In the original release, Lawrence Talbot is described as the greatest actor in America and a guest performer with the Royal Shakespeare company. This version includes a scene from Hamlet in which Benicio Del Toro's bad performance shows that he is completely unsuitable for playing Shakespeare. In the current revised version, there are images of Del Toro on stage as Hamlet, and a passing reference to his being an actor, but nothing more.
Francis Magee, who (unconfirmed) played the uncredited man in the bar early in this movie who first suggests a werewolf is the culprit, and Gemma Whelan, who played Gwen's (Emily Blunt's) maid, appeared on Game of Thrones (2011). Magee appeared as Yoren (2011 to 2012) and Whelan appeared as Yara Greyjoy (2012 to 2014 and 2016 to present).

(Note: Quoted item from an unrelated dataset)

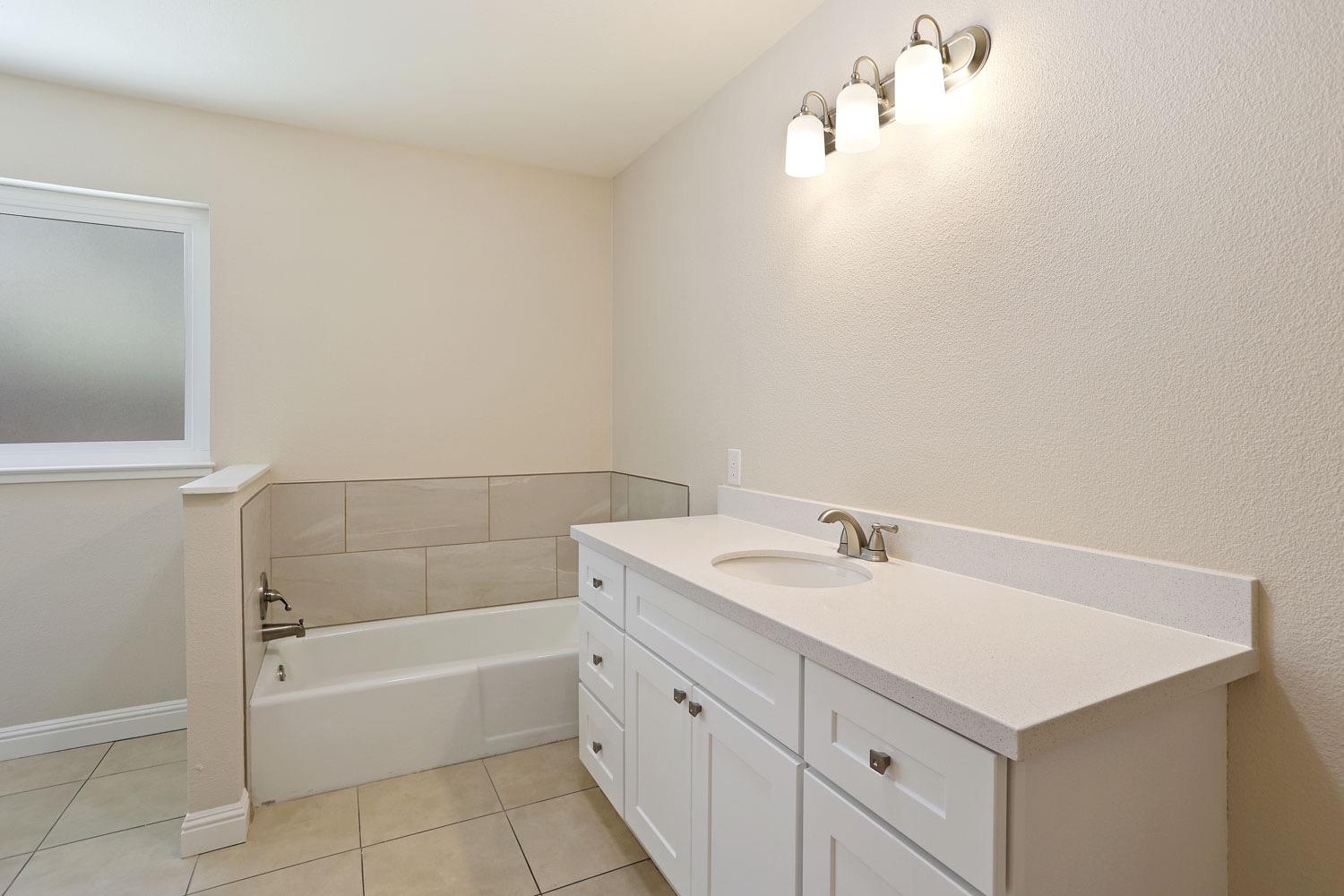 Detail Gallery Image 27 of 48 For 2241 Cochran Rd, Lodi,  CA 95242 - 3 Beds | 2 Baths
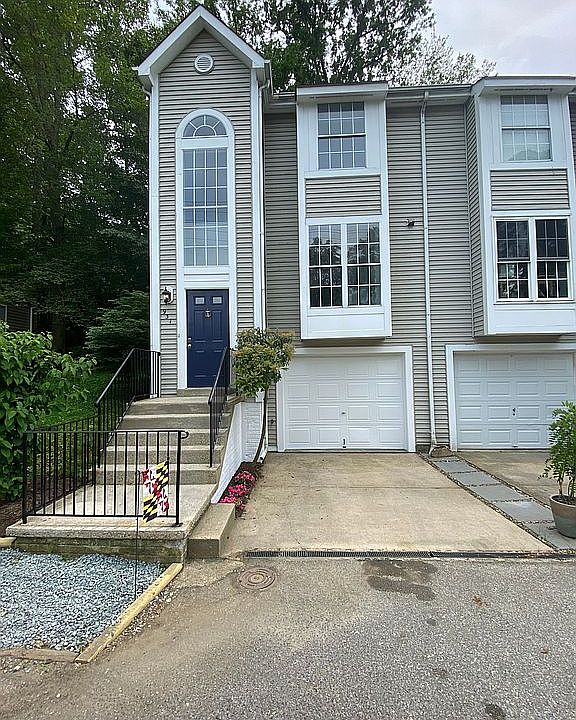 1st image of 931 Forest Hills Ave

Max von Sydow: Seen only in the Director's Cut in an uncredited cameo, he played a character who says he purchased the silver-headed cane at Gevaudan "lifetimes ago". Gevaudan (a French county now renamed Lozere) was famous for a series of attacks on humans in the 1760s, attributed to a werewolf-like "Beast of Gevaudan", elaborated on in Brotherhood of the Wolf (2001).
The trivia items below may give away important plot points.
Two other endings were filmed, but not used. In one, Lawrence (Benicio Del Toro) bites Gwen (Emily Blunt) on the neck before she shoots him with the silver bullet. She looks up and stares at the moon as he dies. In the other ending, Gwen does not manage to shoot Lawrence before she dies from his attack, and he stands up and stares directly at the camera and growls. Ultimately, the decision was made to have Gwen shoot Lawrence, and escape unharmed.
The only make-up effect, with which Rick Baker wasn't involved, was the feral mountain boy, who bit Sir John Talbot. The reason for this, is because he felt it was a mistake to show it the way seen in this movie. Roz Abery designed that make-up.